Succession planning and business transition – where to start (part 2)
Mike Fronchak, CPA CMA
My first article dealt with family-related aspects of succession and business transition. Let’s explore other alternatives in this second article.
Selling to key employees
If the next generation of family is not an option for taking over your business, there are other viable options to consider. Key employees are often a workable option for business succession—but they are sometimes overlooked for various reasons. One reason is an owner’s perception that the employee would not have the financial resources to buy the business. That does not have to be a showstopper. There are numerous ways to structure a transaction over time so that cash flows from the business are a main source of financing for the business sale transaction. Staged buyouts, earn-outs, vendor take-back financing, and other methods can be employed in such cases. Having said that, if you see the words “Pay Advance” or “Employee Loan” on more than a few of the cheques you issue to the employee, you may want to consider whether he or she has the ability to run the business successfully.
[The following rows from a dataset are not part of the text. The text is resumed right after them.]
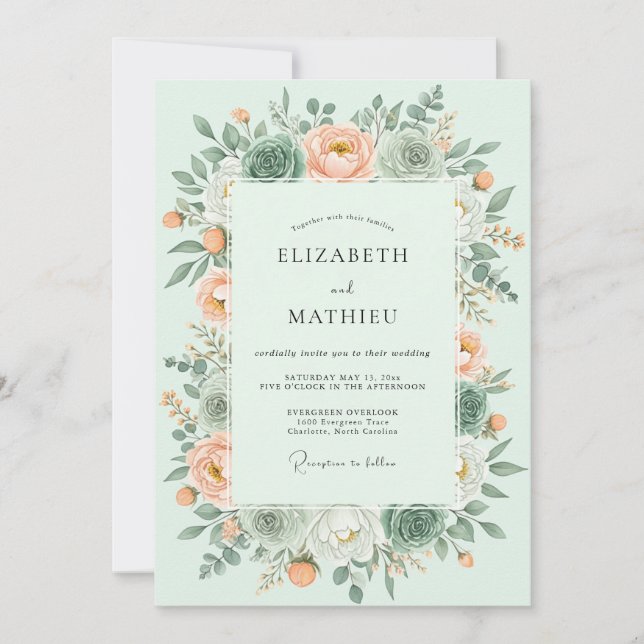 Mint Green Alluring Succulent Wedding Invitation (Front)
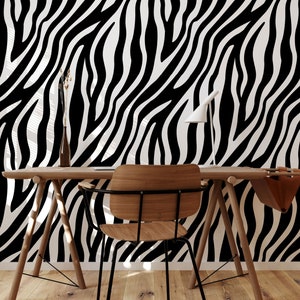 Zebramuster-Tapete, Tierdruck, entfernbares oder traditionelles Material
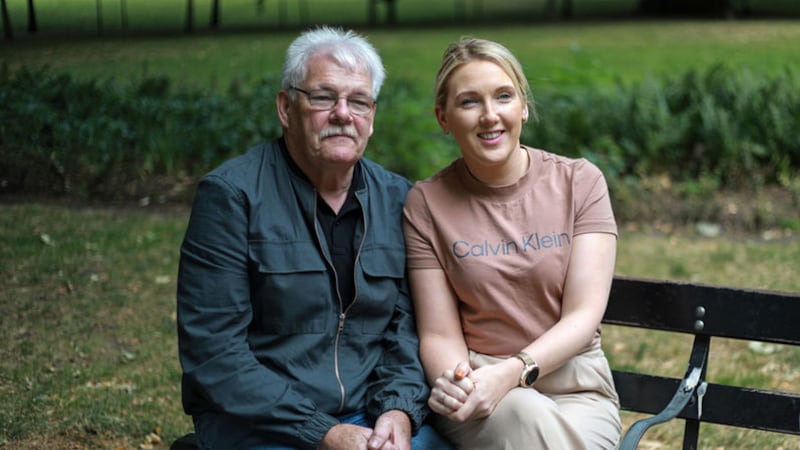 Martin McGavigan (62) and his daughter Maria McGavigan (37) in Russell Square, London. Martin's sister Annette McGavigan was fatally wounded at the age of 14 when the British Army fired into a crowd of bystanders at a riot in the Bogside on 6 September 1971. Picture by Ashlee Ruggels/PA Wire&nbsp;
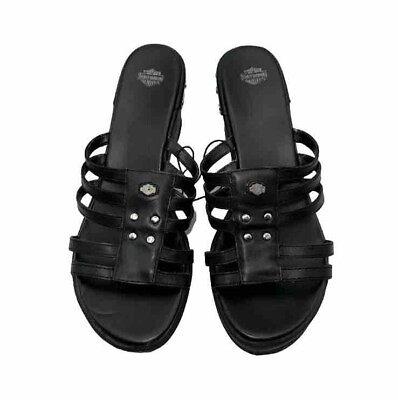 #ad Harley Davidson Women#x27;s Black Sandals Size 9.5M Tara Multi Strap Black D82432 $39.99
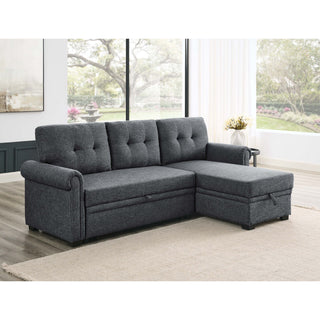 Upholstered Sleeper Sofa With Reversible Storage Chaise - Dark Gray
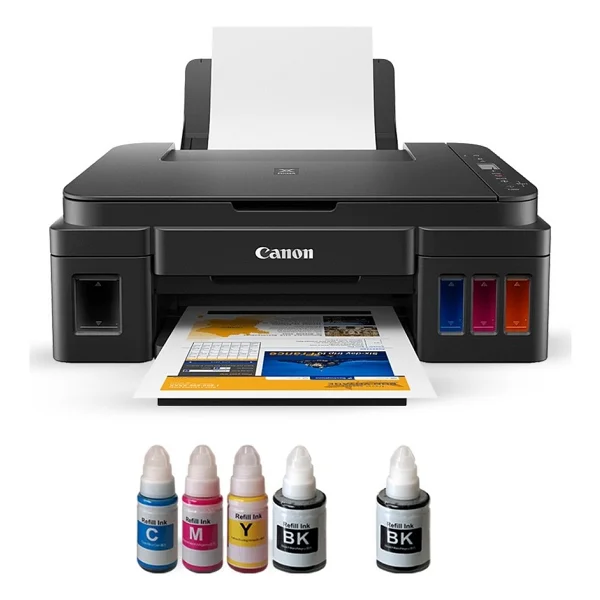 Canon Pixma G3410 Wi-Fi + Tarayıcı + Fotokopi Renkli Çok Fonksiyonlu Tanklı Mürekkep Püskürtmeli Yazıcı - Muadil Mürekkepli - Görsel 2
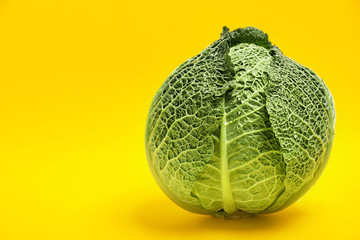Fresh green savoy cabbage and space for text on color background
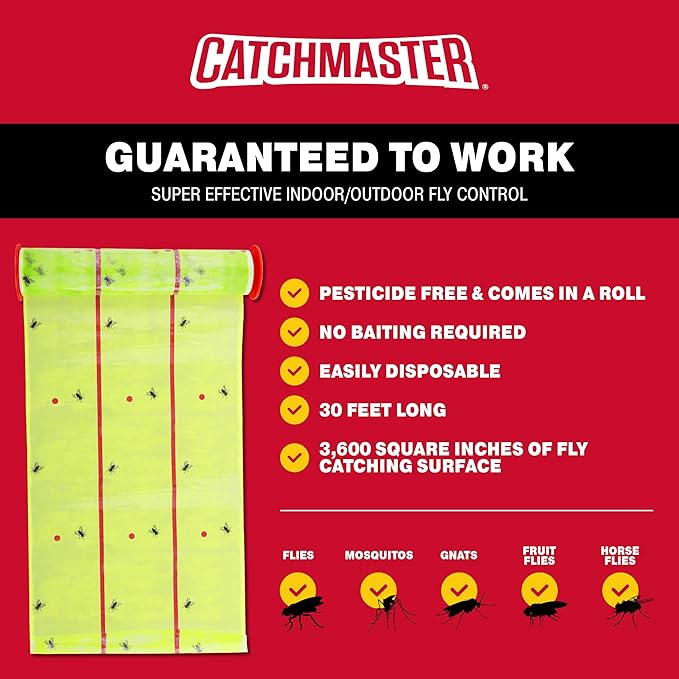Catchmaster Giant Fly Glue Trap 1-Pack 30 Feet Each, Adhesive Fly Traps Outdoor, Sticky Bug Catcher, Bulk Flying Insect Paper Roll, Pest Control for Garage, Barn, Greenhouse & Garbage Room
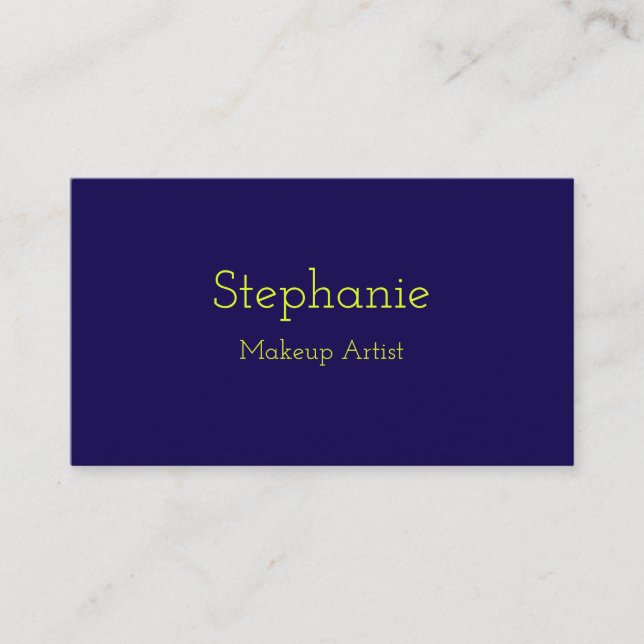 Makeup Artist Neon Yellow Green Navy Blue Visitenkarte (Vorderseite)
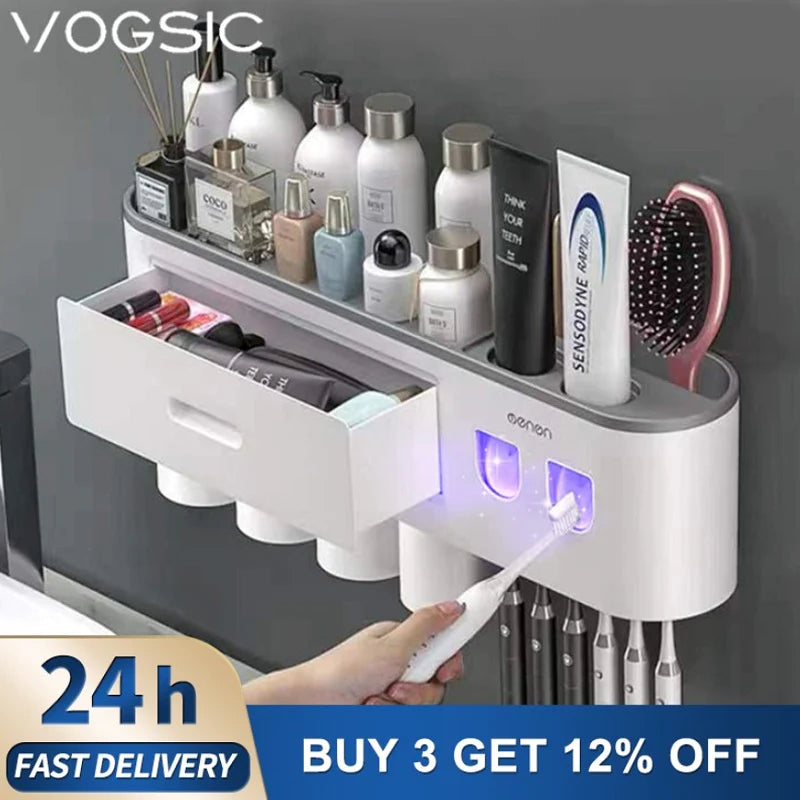 Professional Title: "Wall-Mounted Magnetic Toothbrush Holder with Waterproof Storage Box and Toothpaste Dispenser - Includes 2/3/4 Cups - Ideal Bathroom Accessory"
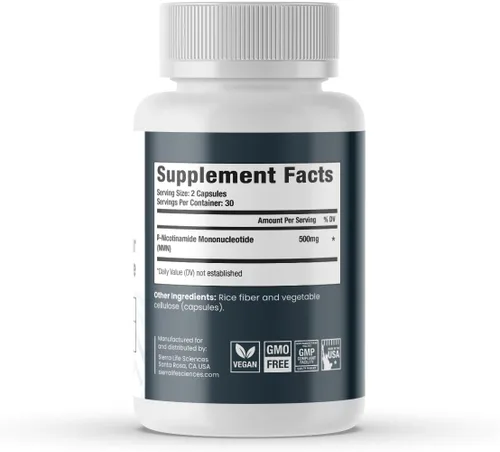 Vista 10 de Rendimiento celular NMN – 500 mg de mononucleótido de nicotinamida para apoyo de NAD+, energía celular y recuperación – Suplemento de longevidad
Another reason business owners may decide to pass over key employees as a succession planning alternative is fear of losing them. You may think that talking about your retirement from the business will create panic among your employees and cause a mass exodus. That’s probably not the case. Your employees know you will not be around forever.
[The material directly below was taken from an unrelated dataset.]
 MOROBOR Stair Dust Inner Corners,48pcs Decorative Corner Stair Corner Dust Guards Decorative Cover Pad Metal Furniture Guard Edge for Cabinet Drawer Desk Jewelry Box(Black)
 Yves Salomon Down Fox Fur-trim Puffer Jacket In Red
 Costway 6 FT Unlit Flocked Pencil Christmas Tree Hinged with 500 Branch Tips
The discussion with key employees does not necessarily have to revolve around your expected exit date. It can simply be a discussion on where they see the business going in the next five to ten years, and where they see their own careers going. In fact, as a business owner, you should have an idea (through ongoing discussions) of your key employees’ career and life aspirations. Having ongoing discussions with key employees will help you determine both a potential succession plan, and a business transition plan to get you to the exit date. Like family, there will be training and development needs for key employees. Like family, they will need to “earn” that leadership role over time.
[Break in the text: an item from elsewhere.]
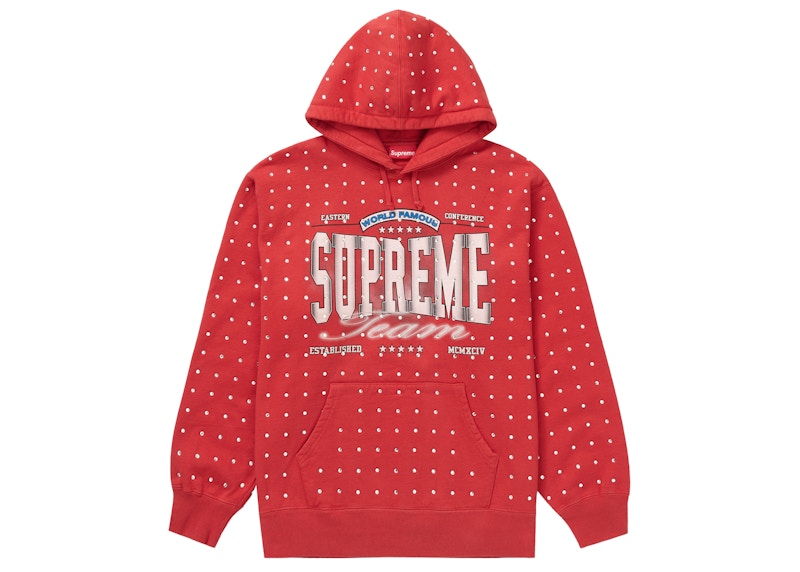 Supreme Rhinestone Hooded Sweatshirt Burnt Red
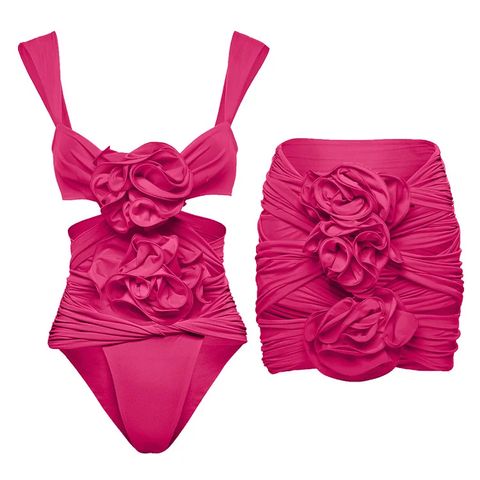 Women's Retro French Style Romantic Solid Color Flowers Ruched One Piece Swimwear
Selling to outside parties
One of the more obvious, but often most difficult alternatives for an owner’s exit from the business is an outright sale to a non-related party.
As an owner, you may think there are many potential buyers out there, including competitors, suppliers, key customers, investors and even individual entrepreneurs. This is true, and it may not be difficult to identify many of them. The key is to identify the right one, at the right time, with the capability and will to take over your business. It is also important to be able to communicate with these potential buyers without giving away too much competitive information or causing panic among employees or customers. Strict confidentiality is usually a key consideration when looking for an outside buyer. It is often recommended utilizing a professional when choosing this alternative for business succession. Most of my past projects as a business advisor involve sales of businesses to outside interests. Taking on this role yourself as a business owner not only detracts you from running the business successfully, but also requires a skillset that you likely do not have as a business operator. Yes, your lawyer and accountant may be able to help you with financial, valuation and legal aspects of a sale transaction. But a professional M&A advisor can help you put the whole deal together from start to finish, utilizing your team of professional advisors more effectively.
Winding down the business
One alternative for business succession that I do not spend much time on is an actual wind-down of operations, perhaps leading to an eventual liquidation of equipment or inventory. There have been countless times where I have heard of a wind-down or auction of business assets and was surprised that no one was willing or able to take on the business as a going concern. In some cases, the owner did not even consider the other alternatives. I could only imagine that the owner had such low self-esteem that he or she considered the business worthless other than the hard assets that make it up, or had such high self-esteem that they consider the business worthless without their personal involvement day to day. Yes, in some cases, a wind-down or liquidation is unavoidable. I highly recommend at least an initial consultation with a professional as a first step. You may be surprised.
Communicating and reviewing the above alternatives is just the first step in planning for the business owner’s eventual exit. However, having gone through these initial steps, you are at least out of the starting gate. It may be a long road ahead, but again, do not hesitate to involve people who have driven on that road before.